§ Action item
In how many lines of the listing below does "Original" appear? Reply with the number only.

§ Supplied records

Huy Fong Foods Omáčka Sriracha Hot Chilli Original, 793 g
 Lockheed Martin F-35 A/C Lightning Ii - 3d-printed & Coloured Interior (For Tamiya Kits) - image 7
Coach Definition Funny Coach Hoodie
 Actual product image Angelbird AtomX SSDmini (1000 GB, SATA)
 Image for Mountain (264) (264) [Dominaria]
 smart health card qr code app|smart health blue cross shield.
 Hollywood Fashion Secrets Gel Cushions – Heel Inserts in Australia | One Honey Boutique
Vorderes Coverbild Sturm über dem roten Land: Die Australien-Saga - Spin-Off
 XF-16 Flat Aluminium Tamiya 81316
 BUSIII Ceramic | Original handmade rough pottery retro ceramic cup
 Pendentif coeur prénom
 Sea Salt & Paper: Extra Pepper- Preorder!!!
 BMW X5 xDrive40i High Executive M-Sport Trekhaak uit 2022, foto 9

§ Task response
2